Let's say I have the following table :

 

dog is red
I love that red dog
hot dog
red cat
that cat hates a red dog

 

I'd like to have a count of occurences of every two word groups, something that would look like this :

 

two words groupcount
red+dog3
that+dog2
red+cat2

 

I have managed to cout occurences of each word, thanks to another thread, but I have no idea how to do this.

1 ACCEPTED SOLUTION

Accepted Solutions
Astounding
PROC Star

One issue to consider:  what if the incoming string repeats a word?  Should both instances of the same word be used, doubling the number of pairs? 

 

The approach below counts double, when the word appears twice.  You can program around that, so we can come back to that if necessary.

 

data pairs;

set have;

if countw(string) > 1;

obsno = _n_;

do j=1 to countw(string) - 1;

   do k=j+1 to countw(string);

      word1 = scan(string, j);

      word2 = scan(string, k);

      if word1 > word2 then do;

         temp = word2;

         word2 = word1;

         word1 = temp;

      end;

      output;

   end;

end;

keep word1 word2 obsno;

run;

 

proc sort data=pairs nodupkey;

by obsno word1 word2;

run;

 

proc freq data=pairs;

tables word1 * word2 / list;

run;

 

*** EDITED to remove duplicate pairs within the same observation.
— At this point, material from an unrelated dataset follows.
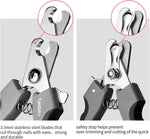 Side view of Tpotato pet nail trimmers showing stainless steel blades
View solution in original post

10 REPLIES 10
PeterClemmensen
Tourmaline | Level 20

Do you want to set those two word groups yourself or a list of all possible two word groups from the sentences above?

alex_philby
Obsidian | Level 7
I want a list of every possible two words groups.
Astounding
PROC Star

One issue to consider:  what if the incoming string repeats a word?  Should both instances of the same word be used, doubling the number of pairs? 

 

The approach below counts double, when the word appears twice.  You can program around that, so we can come back to that if necessary.

 

data pairs;

set have;

if countw(string) > 1;

obsno = _n_;

do j=1 to countw(string) - 1;

   do k=j+1 to countw(string);

      word1 = scan(string, j);

      word2 = scan(string, k);

      if word1 > word2 then do;

         temp = word2;

         word2 = word1;

         word1 = temp;

      end;

      output;

   end;

end;

keep word1 word2 obsno;

run;

 

proc sort data=pairs nodupkey;

by obsno word1 word2;

run;

 

proc freq data=pairs;

tables word1 * word2 / list;

run;

 

*** EDITED to remove duplicate pairs within the same observation.

alex_philby
Obsidian | Level 7

Astounding wrote:

One issue to consider:  what if the incoming string repeats a word?  Should both instances of the same word be used, doubling the number of pairs?

 

Theoretically, I would not want both instances of the same word to be used. But as a matter of fact, there is no occurrences where the string repeats a word in my table, except for small linking words (like "of" for example). I just have to ignore all these small words with a quick data step. So your code works great for me ! Thank you.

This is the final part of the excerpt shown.